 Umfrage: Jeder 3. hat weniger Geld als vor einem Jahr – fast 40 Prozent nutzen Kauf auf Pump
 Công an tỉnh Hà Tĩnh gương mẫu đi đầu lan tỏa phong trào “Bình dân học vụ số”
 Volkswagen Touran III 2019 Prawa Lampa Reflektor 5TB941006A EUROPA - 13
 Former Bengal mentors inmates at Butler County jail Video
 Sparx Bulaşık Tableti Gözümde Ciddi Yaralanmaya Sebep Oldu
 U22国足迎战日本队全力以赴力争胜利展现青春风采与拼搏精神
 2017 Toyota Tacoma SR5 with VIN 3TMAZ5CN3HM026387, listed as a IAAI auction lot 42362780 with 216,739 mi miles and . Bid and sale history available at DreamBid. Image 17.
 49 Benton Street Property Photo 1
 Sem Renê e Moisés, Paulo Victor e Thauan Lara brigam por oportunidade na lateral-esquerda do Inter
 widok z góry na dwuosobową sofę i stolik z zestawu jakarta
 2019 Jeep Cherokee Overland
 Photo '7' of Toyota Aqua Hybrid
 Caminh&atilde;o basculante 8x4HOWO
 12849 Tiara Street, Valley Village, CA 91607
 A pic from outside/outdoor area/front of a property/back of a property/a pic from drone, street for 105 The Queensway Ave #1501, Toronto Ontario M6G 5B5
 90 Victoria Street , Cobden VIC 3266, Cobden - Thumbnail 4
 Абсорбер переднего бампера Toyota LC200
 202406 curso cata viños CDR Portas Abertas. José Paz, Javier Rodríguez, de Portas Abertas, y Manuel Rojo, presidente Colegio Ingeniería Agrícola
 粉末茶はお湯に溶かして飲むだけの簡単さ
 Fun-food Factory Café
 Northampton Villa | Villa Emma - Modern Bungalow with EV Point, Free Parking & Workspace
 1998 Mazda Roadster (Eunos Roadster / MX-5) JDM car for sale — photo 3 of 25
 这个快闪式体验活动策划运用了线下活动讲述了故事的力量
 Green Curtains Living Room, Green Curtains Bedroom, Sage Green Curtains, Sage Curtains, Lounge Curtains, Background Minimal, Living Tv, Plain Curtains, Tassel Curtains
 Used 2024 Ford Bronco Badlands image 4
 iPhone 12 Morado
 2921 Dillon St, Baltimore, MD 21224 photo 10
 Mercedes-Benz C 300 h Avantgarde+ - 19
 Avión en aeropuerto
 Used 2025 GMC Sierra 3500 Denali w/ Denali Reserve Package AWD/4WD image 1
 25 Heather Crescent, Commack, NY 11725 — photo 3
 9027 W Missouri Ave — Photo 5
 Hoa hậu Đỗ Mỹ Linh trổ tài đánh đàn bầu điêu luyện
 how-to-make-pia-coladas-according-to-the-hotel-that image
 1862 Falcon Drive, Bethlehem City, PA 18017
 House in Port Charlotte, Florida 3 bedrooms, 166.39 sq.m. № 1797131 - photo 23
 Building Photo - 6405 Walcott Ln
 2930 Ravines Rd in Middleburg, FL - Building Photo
:::
▶ _WORK TASK_: Tally every line of the data that includes "Used". Report the number and nothing more.

▶ _REPLY TO THE TASK_: 2